If BAE can help Reaction’s engineers make SABRE fly, it may prove to be the revolutionary propulsion breakthrough the company is looking for. Critically, the $32 million raised from BAE will also unlock an additional $90 million in grants from the UK government for research and development. As part of the deal, BAE will get a seat on Reaction’s board and become a preferred supplier to Reaction. The privately-held Reaction will also lean on BAE for support in mounting a large-scale aerospace testing and development program for the SABRE engine.

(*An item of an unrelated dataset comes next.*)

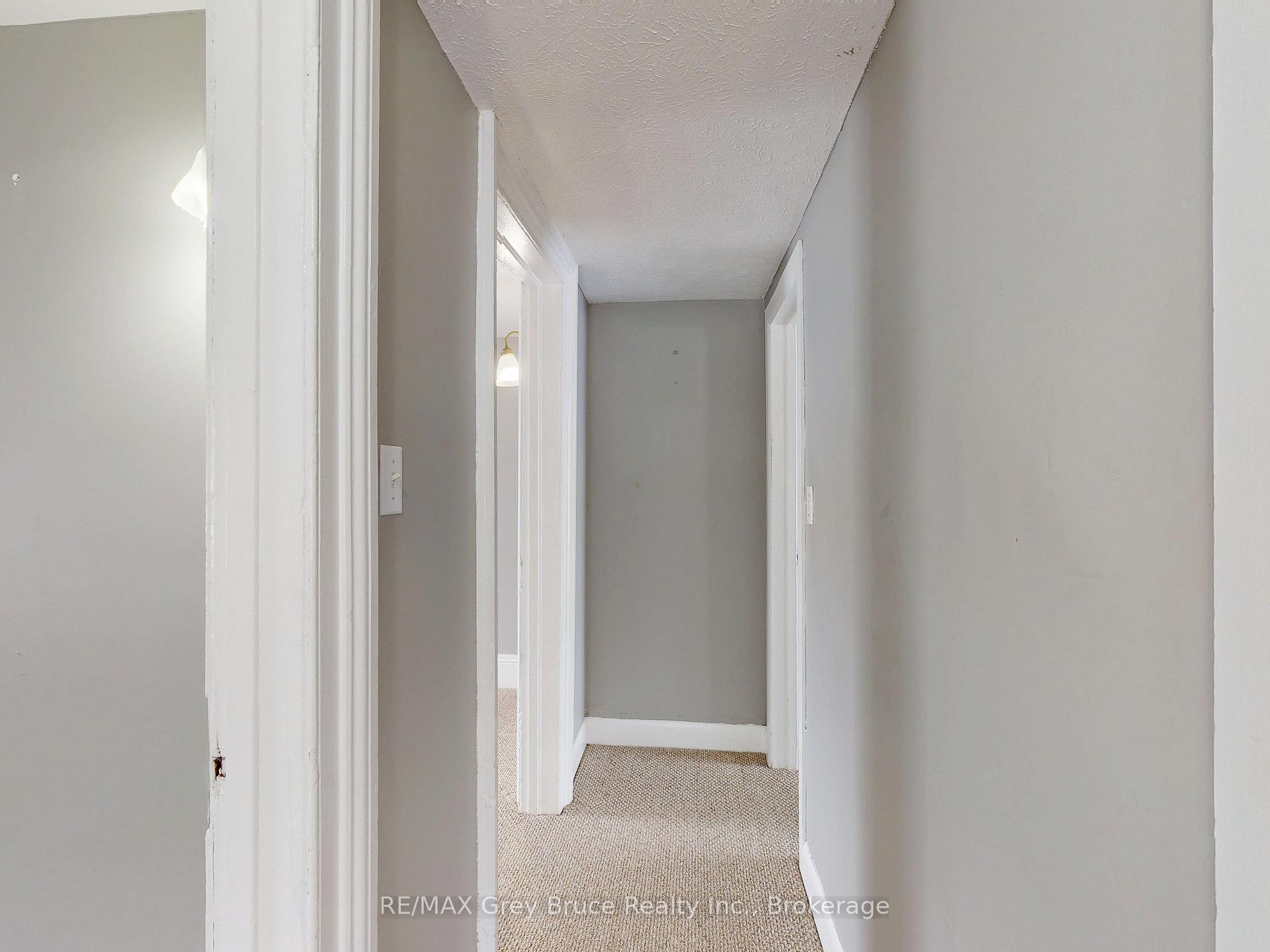 Photo 17 of 690 8th Street E, Owen Sound — HOMEH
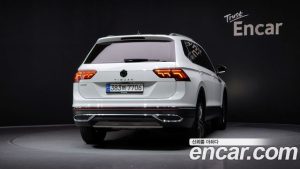 Volkswagen Tiguan 2.0 TSI Prestige 2024 года из Южной Кореи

The companies plan to have a ground-based demonstrator engine prototyped and firing by 2020 and a further prototype flying on a test aircraft by 2025. If there are no show-stoppers along the way, a SABRE-powered spacecraft could propel itself to space and back by the end of the next decade.

And what about that super-high-speed point-to-point passenger travel—four hours from anywhere to anywhere on the globe? It’s certainly possible with this kind of technology, Reaction’s Thomas says. But given various safety and technical considerations, a spaceplane making regular trips to orbit at 25 times the speed of sound is the more realistic near-term proposition.

“A lot of people are excited about point-to-point travel at the moment, the thought of going anywhere in the world in four hours just excites people,” he says. “But that is hugely challenging, it’s just orders of magnitude more difficult. I was telling someone from Australia recently that, unfortunately, it’s more difficult to get to Australia than it is to get into space.”